MUHAMMADIYAH.OR.ID, DELI SERDANG – Muhammadiyah sejak awal berdiri dasarnya adalah Al Qur’an dan Sunnah, tapi tidak sampai di situ sebab Muhammadiyah juga berorientasi tajdid yang dalam arti pemurnian dan pembaruan.
Meski sebagai ormas keagamaan Islam, namun Muhammadiyah tidak terlalu rigid menerapkan Islam dalam keseharian. Namun di sisi lain juga tidak berlepas jauh dari agama – sekuler – Muhammadiyah berada di tengah-tengah atau wasathiyah.
Ketua Umum Pimpinan Pusat (PP) Muhammadiyah, Haedar Nashir menjelaskan posisi tengahan ini bahkan telah ada sejak era kepemimpinan Kiai Haji Ahmad Dahlan. Muhammadiyah, kata Haedar, tidak sama coraknya dengan ormas keagamaan masa itu karena ada distingsi yang perlu dirawat sampai sekarang.
“Dengan misi dakwah dan tajdid, Muhammadiyah sudah mempunyai orientasi dalam menyebarluaskan dan memajukan Islam,” tutur Haedar pada Senin (20/1) dalam Ideopolitor Muhammadiyah Regional Sumatra 1 di Deli Serdang.
Muhammadiyah dalam mendekati nash atau teks – Al Qur’an dan Sunnah tidak secara tekstual. Melainkan menggunakan metode atau Manhaj Tarjih yang disusun oleh Majelis Tarjih dan Tajdid Muhammadiyah yaitu dengan pendekatan bayani (teks), burhani (konteks), dan irfani (intuisi/kejernihan hati).
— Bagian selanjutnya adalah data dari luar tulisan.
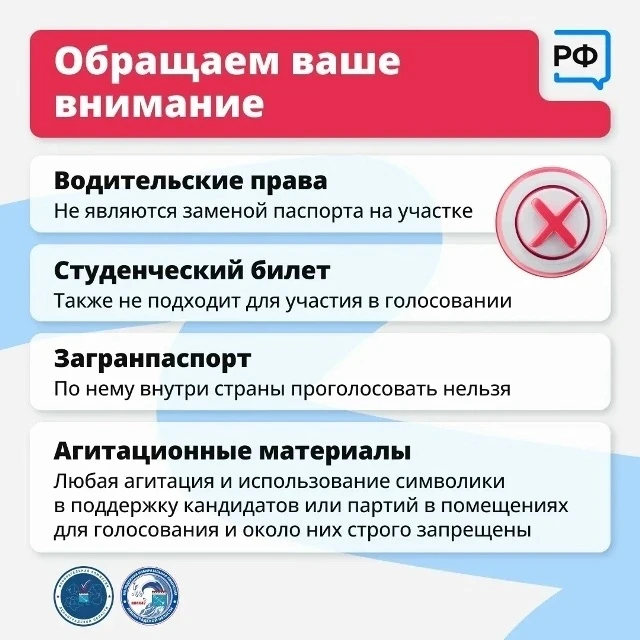 Что нужно взять с собой на участок для голосования?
Misi tajdid dan metode pendekatan ini, kata Haedar menjadi distingsi antara Muhammadiyah dengan gerakan Islam lain yang terlalu tekstual dan rigid menempatkan agama dalam kehidupan atau sering disebut sebagai kelompok Islam puritan.
Oleh karena itu, pada kesempatan ini Haedar meminta lebih-lebih kepada pimpinan persyarikatan untuk membaca produk-produk pemikiran Majelis Tarjih – teranyar ada Tafsir At Tanwir yang masih dalam proses penyelesaian sampai juz 9.
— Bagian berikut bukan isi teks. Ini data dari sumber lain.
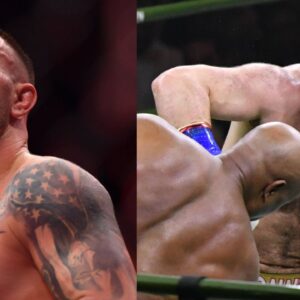 Colby Covington (L), Chael Sonnen (R)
Meskipun tidak sepakat dengan Islam puritan yang terlalu formal dan rigid dalam beragama, Haedar di sisi lain juga tidak sepakat dengan pandangan sekuler. Misalnya dengan pandangan Nurcholis Madjid yang menyebut semua manusia pada dasarnya beragama, maka tidak relevan untuk mengajak mereka memeluk agama tertentu.
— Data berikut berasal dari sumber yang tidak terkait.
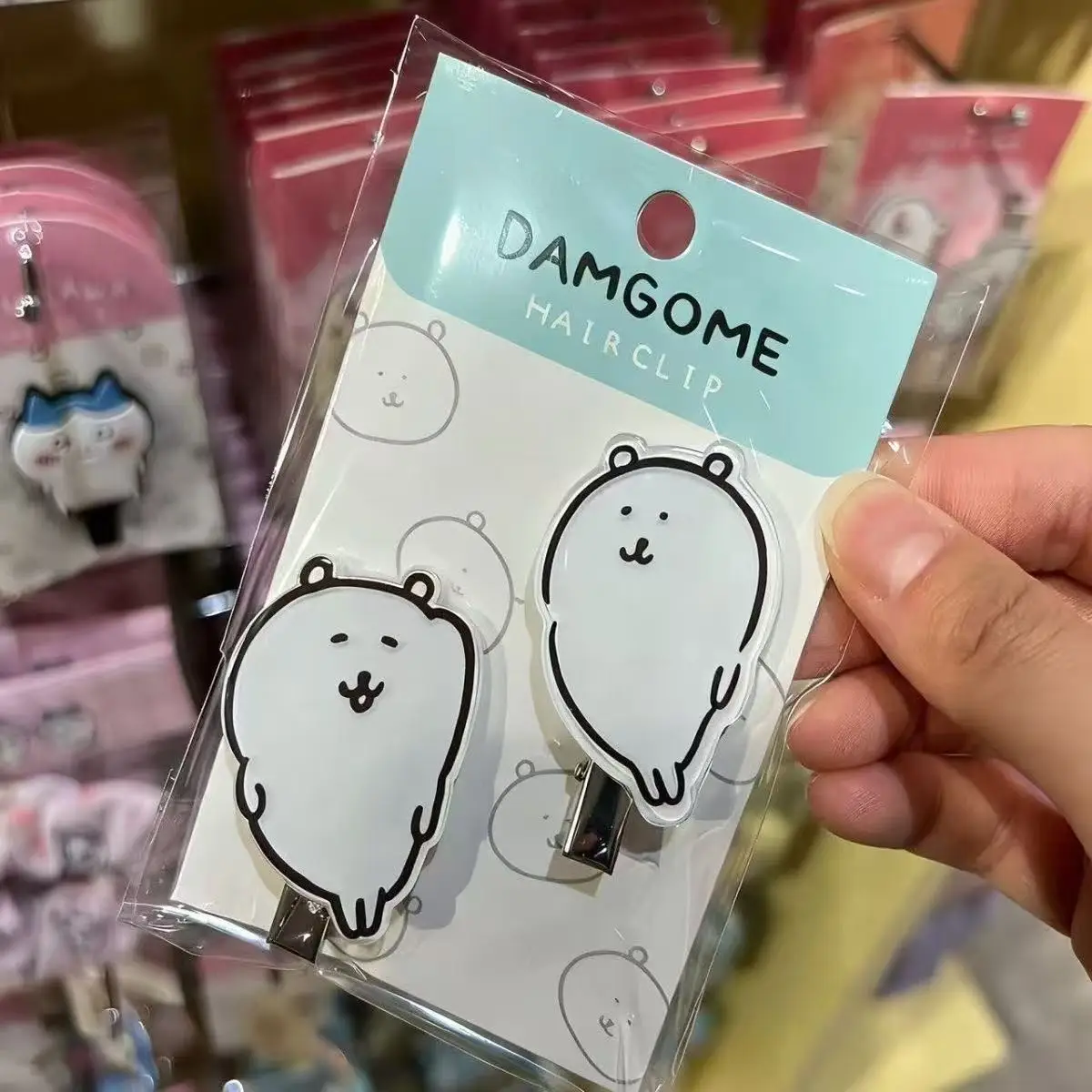 Y2K Bear Dog Animal Hair Clip Set for Women Cute Cartoon White Bear Puppy Acrylic Barrettes Hairclips Jewelry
“Mungkin Cak Nur saat itu terbayang dakwah seperti missionaries yang progresif dan agresif. Tapi di sisi lain kita juga perlu bercermin, mubalig kita juga masih belum dakwah bil hikmah, wal mauizatil hasanah,” katanya.
Untuk mengembangkan pandangan itu, Haedar juga menyoroti tentang penggunaan cadar di Perguruan Tinggi Muhammadiyah-’Aisyiyah (PTMA). Padahal Tarjih sudah jelas menyebutkan bahwa muka dan telapak tangan ini bukan aurat. Oleh karena itu perlu memahami Muhammadiyah secara utuh, tidak puritan.